What does your username mean?

(People on my flist have heard this one 87 times now. Feel free to skip to the next question.) In January of 2001, when I was fifteen, I decided to post a fanfic to fanfiction.net. I even had a fic in mind: A To Kill a Mockingbird fanfic that had been a school assignment originally. (I still like to point out to fic naysayers that there's no difference between those assignments and fanfic. They're the same thing.) Anyway, "Author By Night" sounded, like, totally edgy to fifteen year old me. It was my name in most fannish spaces, and it just stuck. I honestly don't really like it now, but that's who I am online. ABN.


What does "fannish identity" mean to you?


Back when I was more involved, I think my fandom identity was stronger, if not... flawless. LJ was kind of a Facebook for fannish people, interestingly; most of my friends were people I met on fansites, and a lot of those people are still on my flist. So that was cool.


I guess lately it's sort of been interspersed with my overall LJ/DW identity, which really isn't all that fannish anymore. I use a different name on Reddit, but then, my fandom involvement is pretty low there anyway. Still, I wouldn't say it's completely gone, especially on LJ/DW. I still post a lot of the same things, ]including fandom specific diatribes, and my less specific diatribes tend to take on a similar tone. I've also always enjoyed snark. I don't mean this kind of snark:

AU!Me: THIS MOVIE IS SO DUMB I'M GOING TO KILL THE MAIN CHARACTER AND THEN I'M GONNA CRASH MY CAR BECAUSE IT MADE ME THAT MAD!!!!!!! $%$%$! $%$%%$%$!

I just mean that I like to poke fun at things. Even Especially things I love. I also like to be more critical, but again, gently. No work of art is perfect, and not all works of art appeal to everyone. Also, obviously certain scenes or character traits are supposed to be snarkable, for comic relief or irony's sake.


There's always been a certain boldness in my online persona that's not really present IRL, although I've become more that person IRL in the last few years. Unfortunately, I can't say the boldness was always for the better. When I was younger, I was a complete doormat IRL, and I kinda lashed out online because it was the one place I could. So that I'm not proud of, even if it was generally more immaturity/desperation to be heard somewhere rather than anything truly malicious. I also didn't really have any social circles IRL, and when I felt my online social circles start to dwindle, I handled it badly. I tried so hard to keep everyone together, and in one case basically gave up and told everyone whatever, have a nice life. Not in so many words, but that was my general attitude about the whole thing. The good news is that I've been in similar situations since, yet have worked very hard not to get pissy like I did back then. You don't keep your friends by getting mad at them. Who knew?

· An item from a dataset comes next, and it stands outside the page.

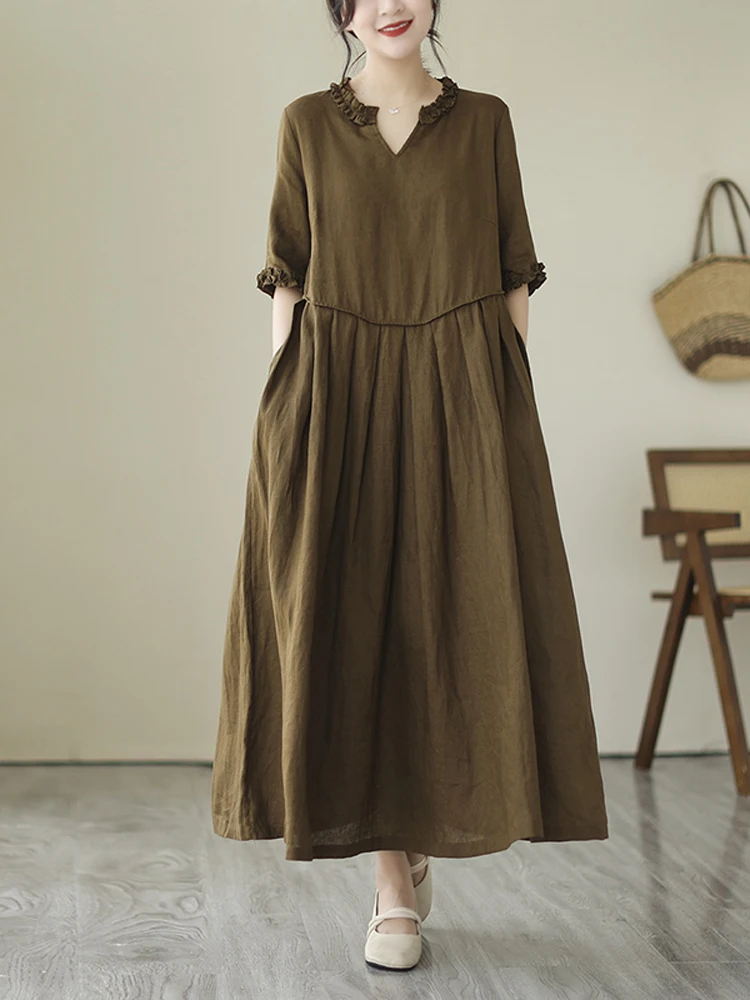 

Женское винтажное платье NYFS, Длинное свободное платье из хлопка и льна с коротким рукавом, однотонное, лето 2023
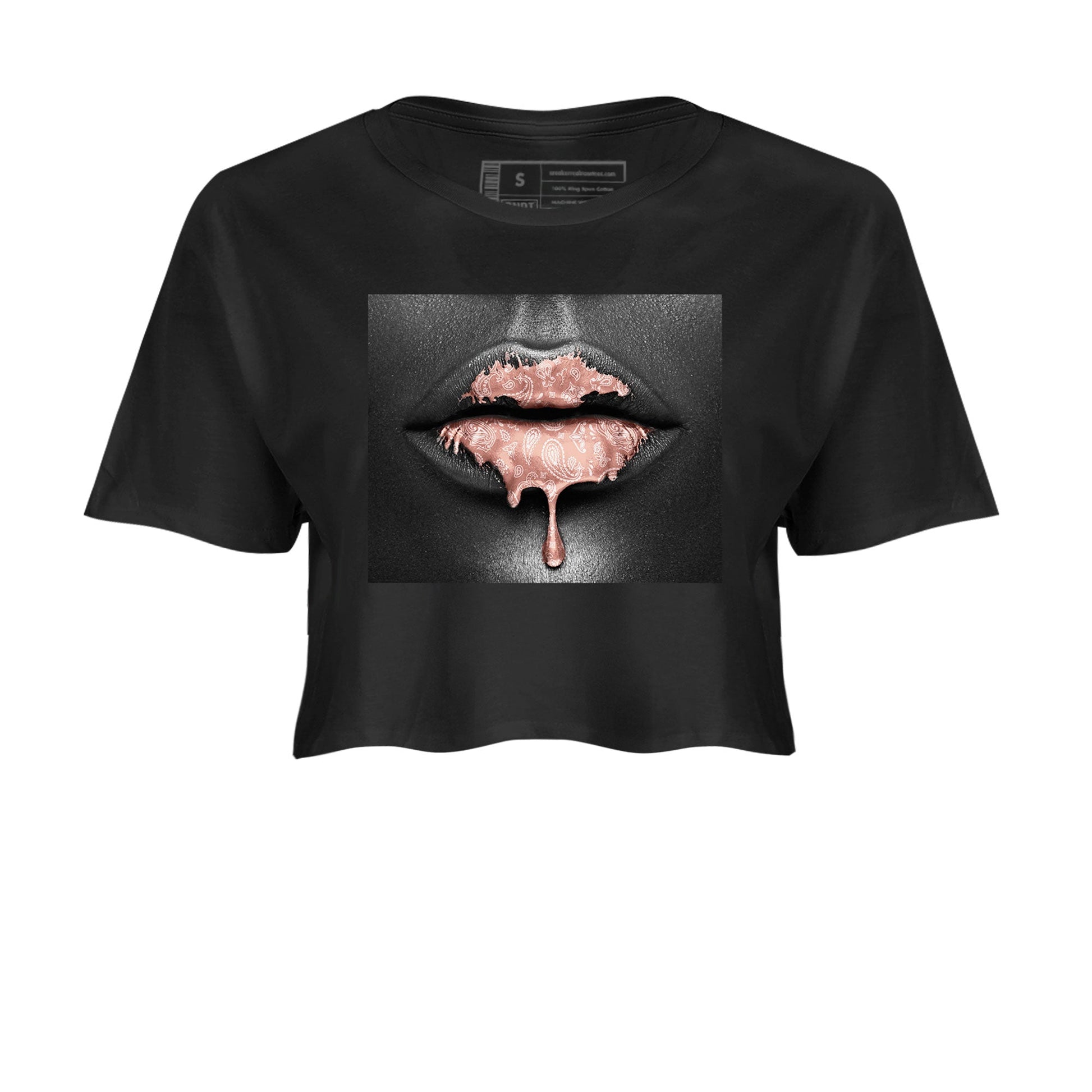 Dunk Low WMNS Rose Whisper shirt to match jordans Bandana Lips sneaker tees Dunk Rose Whisper SNRT Sneaker Release Tees Black 2 Crop T-Shirt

On the other hand, some of that boldness also served me well. I made friends because I liked their fanfics or I saw them on messageboards and IMed them. I would never have done the equivalent of that IRL, and yet it's how I made some incredibly important friends. Also, it was just a relief to be the person I was in fannish spaces (including LJ/DW), in a way I couldn't IRL. And while I'm more that person IRL, like I said, there are still limits. Even in newer online fannish spaces I've found, there's been a strange sense of limits, like you're not supposed to be too enthused about things. Still, I persist. I am who I am.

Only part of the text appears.